一、环境版本
环境 | 版本 |
---|---|
Flink | 1.17.0 |
Kafka | 2.12 |
MySQL | 5.7.33 |
二、MySQL建表脚本
create table user_log
(
id int auto_increment comment '主键'
primary key,
uid int not null comment '用户id',
event int not null comment '用户行为',
logtime bigint null comment '日志时间'
)
comment '用户日志表,作为验证数据源';
三、用户日志类
新建maven项目
用以定义Kafka和MySQL中Schema
/**
* 用户日志类
*/
@Data
public class UserLog {
//用户uid
private int uid;
//用户行为
private int event;
//日志时间
private Date logtime;
//获取日期,用于按日期统计数据
public String getFormatDate() {
return DateUtil.format(logtime, "yyyyMMdd");
}
//获取时间,精确到分钟
public String getFormatTime() {
return DateUtil.format(logtime, "yyyy-MM-dd HH:mm") + ":00";
}
}
}
四、用户数据生成器
/**
* 用户数据生成器
*/
public class UserLogGenerator {
public static void main(String[] args) throws Exception {
// 1.获取执行环境
StreamExecutionEnvironment env =
StreamExecutionEnvironment.getExecutionEnvironment();
env.setParallelism(1);
// 2.自定义数据生成器Source
DataGeneratorSource<UserLog> dataGeneratorSource = new DataGeneratorSource<>(
// 指定GeneratorFunction 实现类
new GeneratorFunction<Long, UserLog>(){
// 定义随机数数据生成器
public RandomDataGenerator generator;
@Override
public void open(SourceReaderContext readerContext) throws Exception {
generator = new RandomDataGenerator();
}
@Override
public UserLog map(Long aLong) throws Exception {
UserLog userLog = new UserLog();
//随机生成用户uid
userLog.setUid(generator.nextInt(1, 50));
//随机生成用户行为
userLog.setEvent(generator.nextInt(1, 2));
//随机生成用户数据时间
userLog.setLogtime(DateUtil.offset(new DateTime(), DateField.MILLISECOND, generator.nextInt(-2000, 2000)));
return userLog;
}
},
// 指定输出数据的总行数
// 60 * 60 * 10,
120,
// 指定每秒发射的记录数
RateLimiterStrategy.perSecond(10),
// 指定返回值类型, 将Java的StockPrice封装成到TypeInformation
TypeInformation.of(UserLog.class)
);
DataStreamSource<UserLog> dataGeneratorSourceStream = env.fromSource(dataGeneratorSource, WatermarkStrategy.noWatermarks(), "dataGeneratorSource");
//输出生成数据
// dataGeneratorSourceStream.print();
//kafka数据写入
KafkaSink<UserLog> kafkaSink = KafkaSink.<UserLog>builder()

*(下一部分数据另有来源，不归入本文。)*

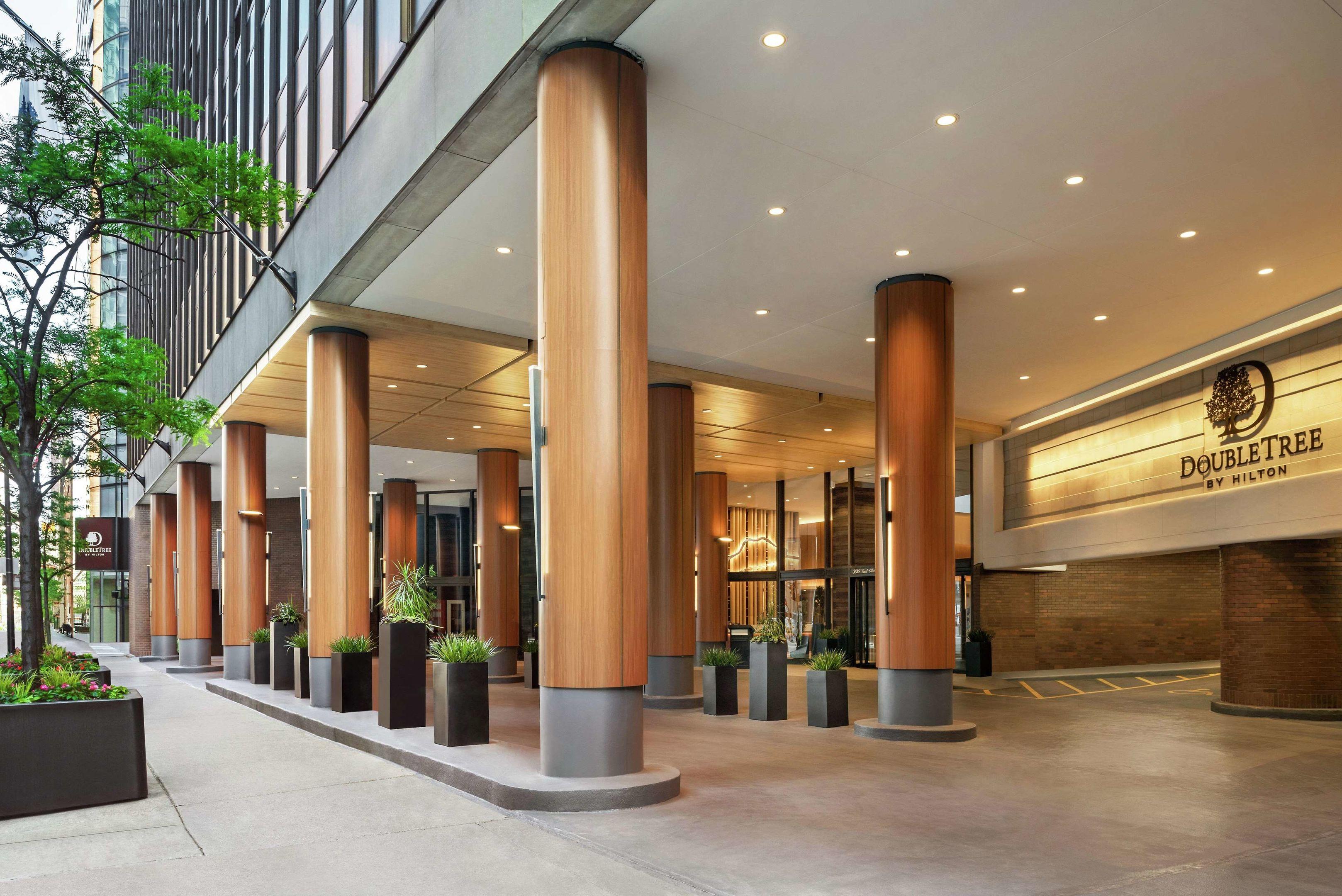 DoubleTree by Hilton Hotel Chicago - Magnificent Mile — photo 5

.setBootstrapServers("hadoop01:9092")
.setRecordSerializer(
KafkaRecordSerializationSchema.<UserLog>builder()
.setTopic("userLog")
.setValueSerializationSchema((SerializationSchema<UserLog>) userLog -> JSONUtil.toJsonStr(userLog).getBytes())
.build()
).build();
dataGeneratorSourceStream.sinkTo(kafkaSink);
//MySQL数据写入,用以数据验证
SinkFunction<UserLog> jdbcSink = JdbcSink.sink(
"insert into user_log (uid, event, logtime) values (?, ?, ?)",
new JdbcStatementBuilder<UserLog>() {
@Override
public void accept(PreparedStatement preparedStatement, UserLog userLog) throws SQLException {
preparedStatement.setInt(1, userLog.getUid());
preparedStatement.setInt(2, userLog.getEvent());
preparedStatement.setLong(3, userLog.getLogtime().getTime());
}
}
,
JdbcExecutionOptions.builder()
.withBatchSize(1000)
.withBatchIntervalMs(200)
.withMaxRetries(5)
.build(),
new JdbcConnectionOptions.JdbcConnectionOptionsBuilder()

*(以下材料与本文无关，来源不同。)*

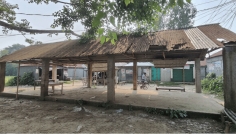 সিরাজগঞ্জের বেগনাই বাজার হাটসেডটি এখন মরণফাঁদে পরিণত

.withUrl("jdbc:mysql://192.168.31.116:3306/demo")
.withDriverName("com.mysql.cj.jdbc.Driver")
.withUsername("root")
.withPassword("root")
.build()
);
dataGeneratorSourceStream.addSink(jdbcSink);
env.execute();
}
}
五、DataStream按分钟或日期统计PV和UV
/**
* 计算PV和UV
*/
public class UserLogPVUVCount {
public static void main(String[] args) throws Exception {
StreamExecutionEnvironment env = StreamExecutionEnvironment.getExecutionEnvironment();
env.setParallelism(1);
KafkaSource<String> kafkaSource = KafkaSource.<String>builder()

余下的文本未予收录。